Content starts

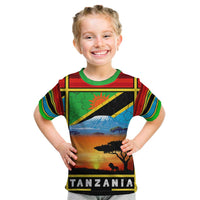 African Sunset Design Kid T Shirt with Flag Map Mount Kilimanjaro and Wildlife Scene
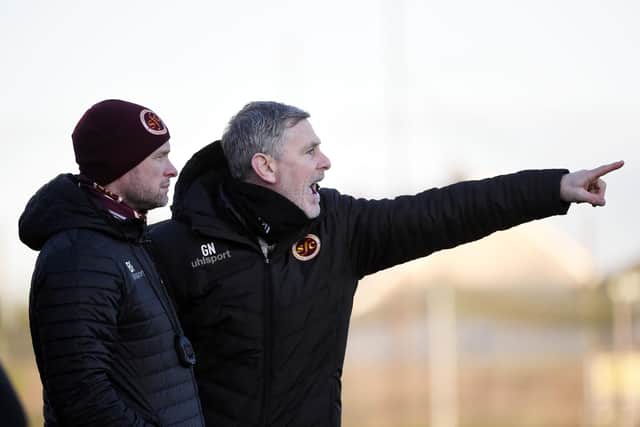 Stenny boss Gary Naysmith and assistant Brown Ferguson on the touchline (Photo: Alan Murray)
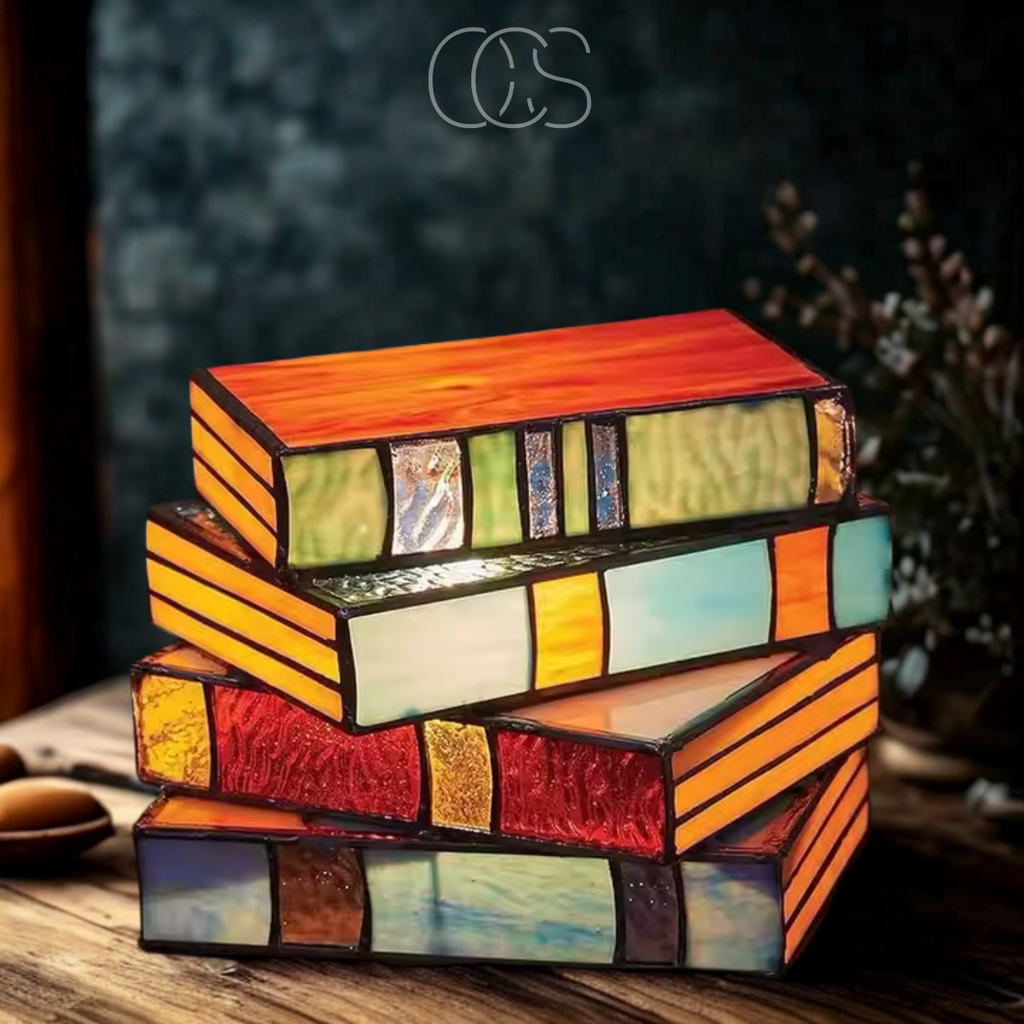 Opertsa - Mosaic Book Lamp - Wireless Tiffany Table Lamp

Content ends
Content starts

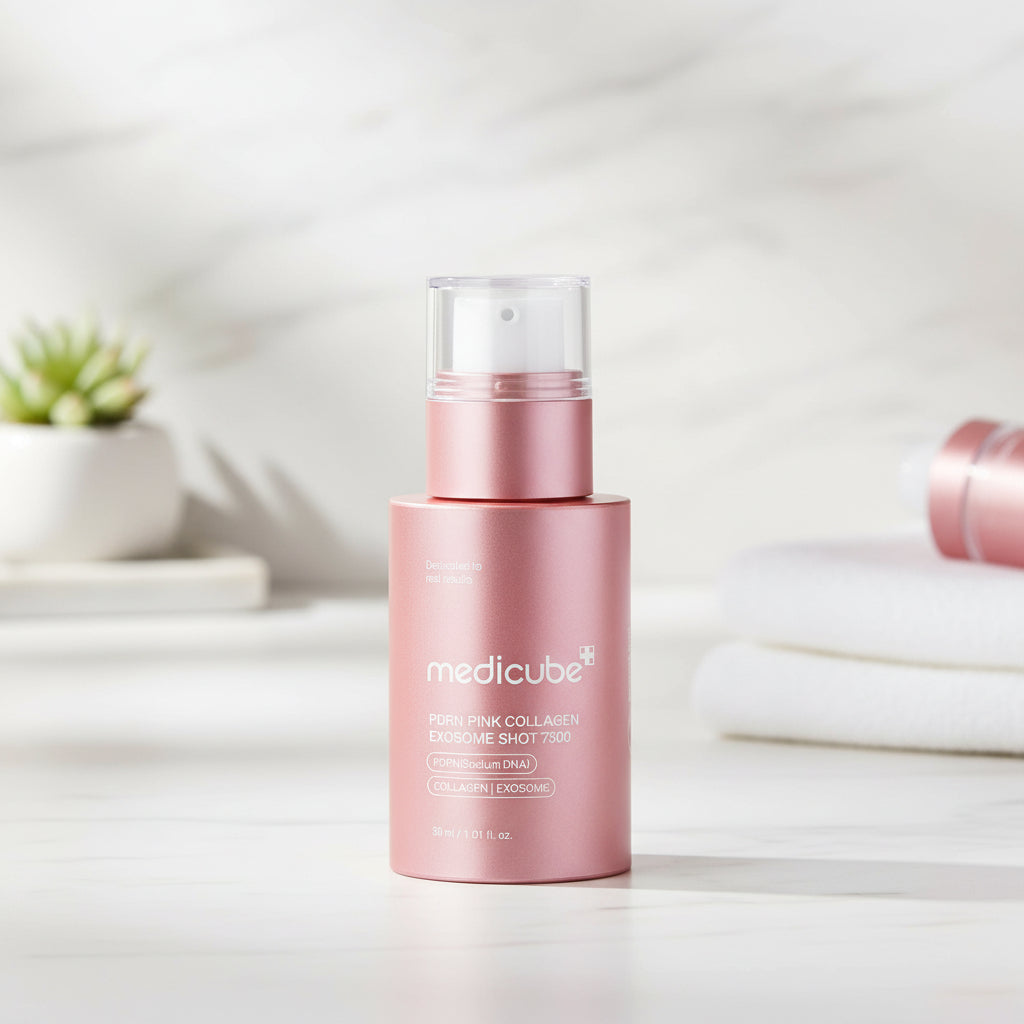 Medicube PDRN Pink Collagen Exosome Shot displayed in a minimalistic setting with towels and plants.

Content ends

#### [Description of the task]
The lines above from the line with "African Sunset Design" through the line with "Opertsa - Mosaic" are to be given again word for word, with no pictures among them.

#### [Output of the exercise]
 African Sunset Design Kid T Shirt with Flag Map Mount Kilimanjaro and Wildlife Scene
 Stenny boss Gary Naysmith and assistant Brown Ferguson on the touchline (Photo: Alan Murray)
 Opertsa - Mosaic Book Lamp - Wireless Tiffany Table Lamp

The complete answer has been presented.